The “Alternative Approval Process” (AAP) is a fast-track approval procedure that was developed to allow standards to be brought to market in the timeframe that industry now demands. This dramatic overhaul of standards-making by streamlining approval procedures was implemented in 2001 and is estimated to have cut the time involved in this critical aspect of the standardization process by 80 to 90 per cent. This means that an average standard which took around four years to approve and publish until the mid nineties, and two years until 1997, can now be approved in an average of two months, or as little as five weeks. The vast majority of standards are approved in this way. Only those that have regulatory implications are not, they use the what is called the traditional approval process (TAP). Besides streamlining the underlying procedures involved in the approval process, an important contributory factor to the use of AAP is electronic document handling. Once the approval process has begun the rest of the process can be completed electronically, in the vast majority of cases, with no further physical meetings. The introduction of AAP also formalizes public/private partnership in the approval process by providing equal opportunities for both Sector Members and Member States in the approval of technical standards.
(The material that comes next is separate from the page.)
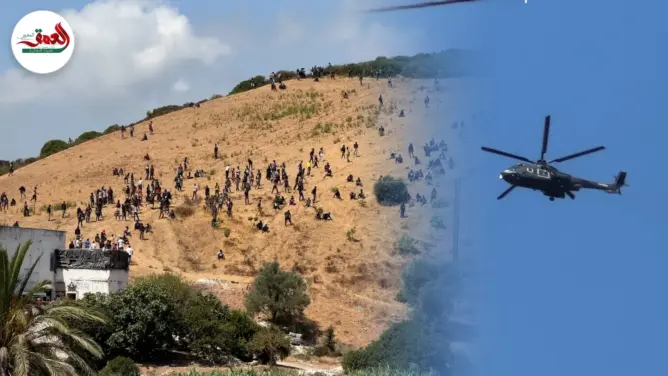 أحداث 15 غشت.. المغرب يحبط محاولات هجرة جماعية نحو سبتة ويوقف 148 شخصا بالفنيدق (فيديوهات)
Once the text of a draft Recommendation prepared by Study Group (SG) experts is considered mature, it is submitted for review to a SG or Working Party (WP) meeting. If agreed by the meeting it is given Consent. This means that the SG or WP has given its consent that the text is sufficiently mature to initiate a final review process leading to approval of the draft Recommendation. After this Consent has been achieved, the Director of ITU-T's secretariat, the Telecommunication Standardization Bureau (TSB), announces the start of the AAP procedure by posting the draft text to the ITU-T web site and calling for comments. This gives the opportunity for all members to review the text.
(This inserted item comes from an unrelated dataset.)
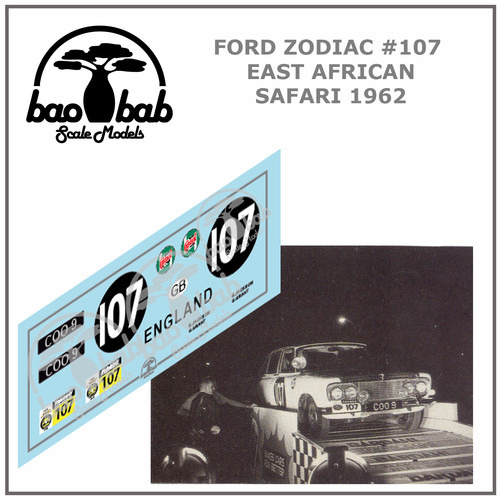 Calcas ford zodiac - calcas,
This phase, called Last Call, is a four-week period in which comments can be submitted by Member States and Sector Members. If no comments other than editorial corrections are received, the Recommendation is considered approved since no issues were identified that might need any further work. However, if there are any comments, the SG chairman, in consultation with TSB, sets up a comment resolution process by the concerned experts. The revised text is then posted on the web for an Additional Review period of three weeks.
Similar to the Last Call phase, in Additional Review the Recommendation is considered as approved if no comments are received. If comments are received, it is apparent that there are some issues that still need more work, and the draft text and all comments are sent to the next Study Group meeting for further discussion and possible approval.
After a Last Call in which comments were received, if the SG Chairman sees that there is insufficient time for comment resolution and an Additional Review period, the draft Recommendation and unresolved comments can be sent directly to the next meeting of the SG for resolution and agreement.